I can't really comment on the current version of the code because I 
haven't looked at it for a while, however the original version of the 
code was very simple in that it had a small number of slots (5?) that 
were just cycled through in order.

The thinking behind this was because there was a static PROJ.4 cache for 
each individual backend (and of course each backend can only run a 
single query at once) then you would likely have one of three scenarios:

1) The table in your current query contains geometries of a single SRID 
which you are querying with a query using a single ST_Transform()

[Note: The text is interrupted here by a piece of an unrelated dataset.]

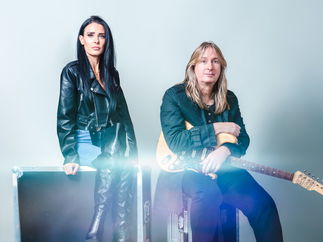 Promo Dexter Unplugged Solo Artist, Duo or Trio Cheshire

2) The table in your current query contains a mixture of SRIDs but 
likely the majority of the table will contain less than 5 different SRIDs

3) The query itself contains a complicated set of subqueries with 
multiple ST_Transform() statements between different SRIDs

Case 1 is handled fine by such a cache algorithm as-is. Case 3 was the 
reason for increasing the number of cache slots to 5 rather than having 
just 2, so there was some leeway for multiple ST_Transform()s in a 
single query. Case 2 was the worst case scenario, in that with more than 
5 SRIDs all equally distributed throughout the table then the cache 
would cease to be effective.

Now I never came across a real-life degenerate version of case 2 to make 
the extra effort worthwhile (and to the best of my knowledge we've had 
no bug reports about it), but if you think that having more than 5 mixed 
SRIDs evenly distributed in a table and reprojecting the entire table is 
a common use-case then I won't object to a change in the algorithm 
and/or increase in the number of slots (although some real-life examples 
with numbers to show the before and after effects of your change would 
help to justify such a change).

HTH,

Mark.